● **Data extract**
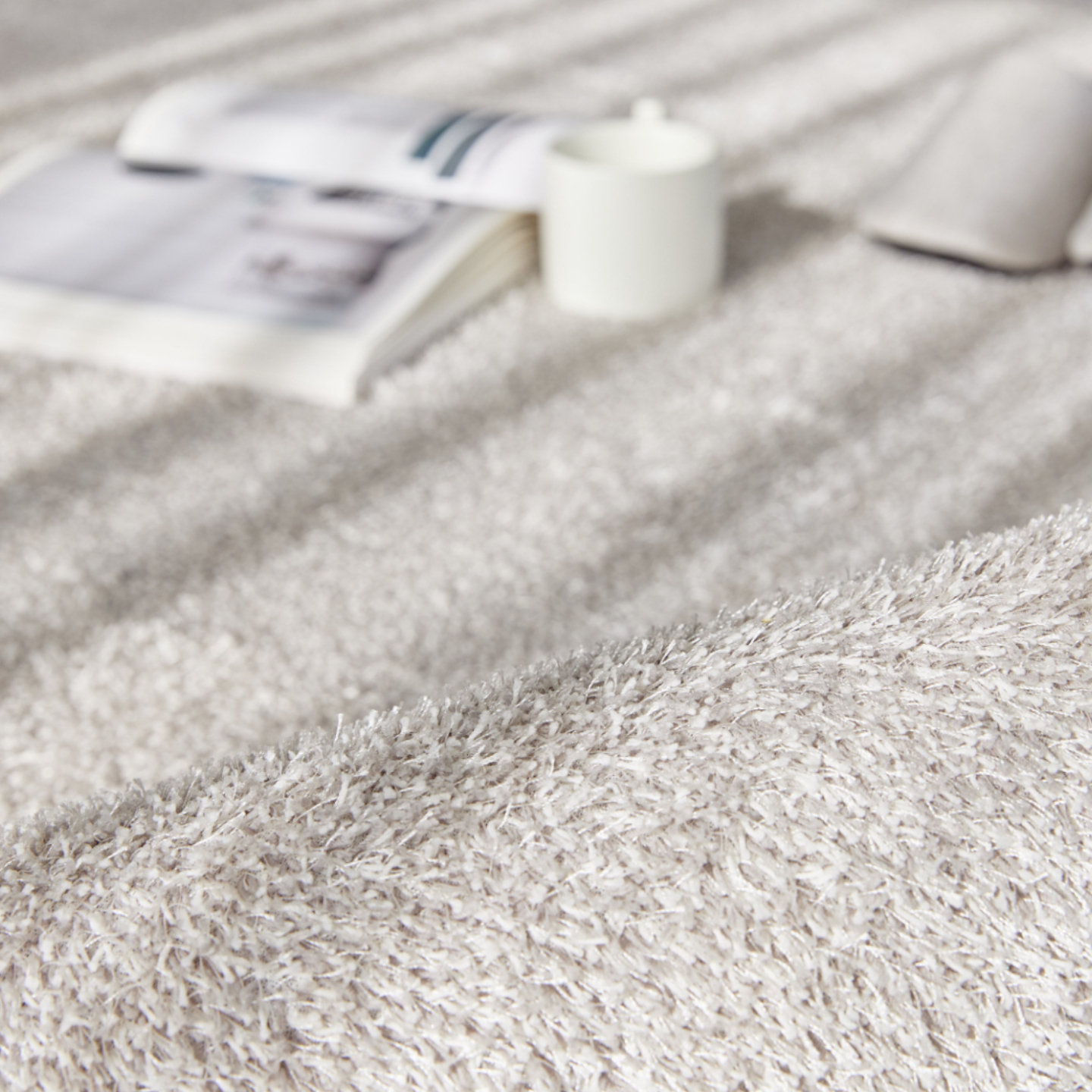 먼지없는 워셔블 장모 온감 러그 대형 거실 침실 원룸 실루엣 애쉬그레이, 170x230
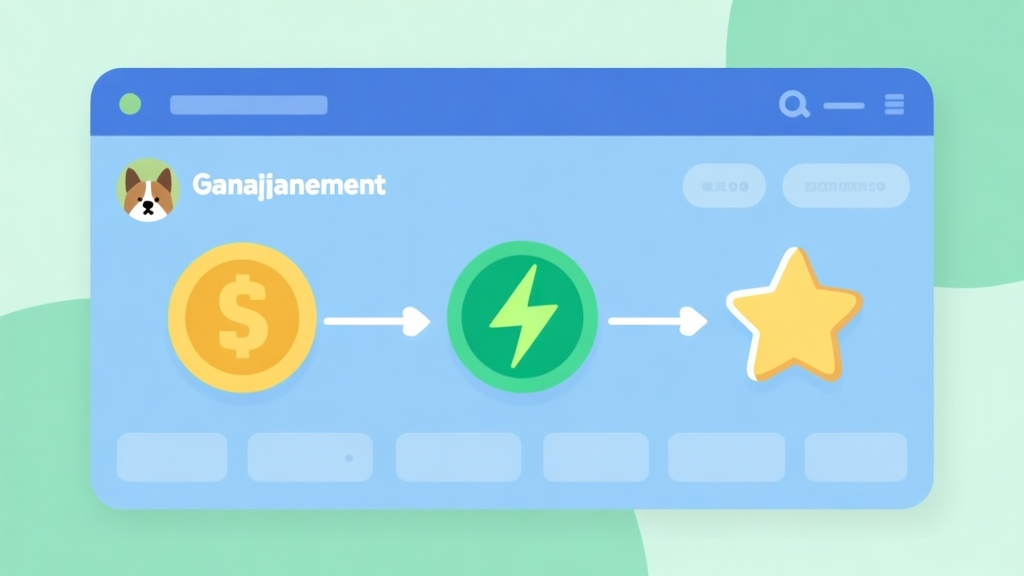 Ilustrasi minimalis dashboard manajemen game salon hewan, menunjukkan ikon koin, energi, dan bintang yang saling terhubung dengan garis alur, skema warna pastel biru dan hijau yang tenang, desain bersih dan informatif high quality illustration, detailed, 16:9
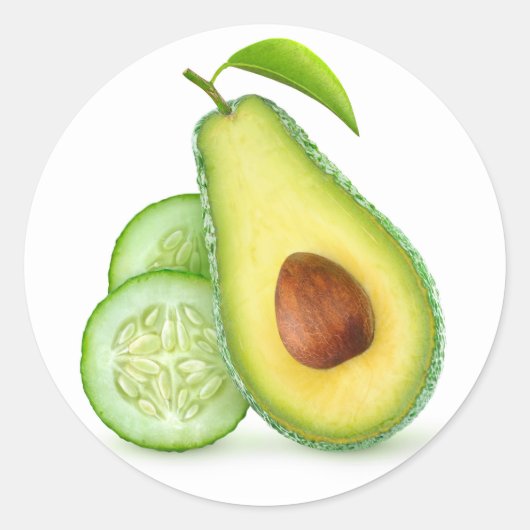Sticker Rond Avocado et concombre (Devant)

● **Problem description**
The data above should be returned in full, exactly as written, apart from its images.

● **Task output**
 먼지없는 워셔블 장모 온감 러그 대형 거실 침실 원룸 실루엣 애쉬그레이, 170x230
 Ilustrasi minimalis dashboard manajemen game salon hewan, menunjukkan ikon koin, energi, dan bintang yang saling terhubung dengan garis alur, skema warna pastel biru dan hijau yang tenang, desain bersih dan informatif high quality illustration, detailed, 16:9
Sticker Rond Avocado et concombre (Devant)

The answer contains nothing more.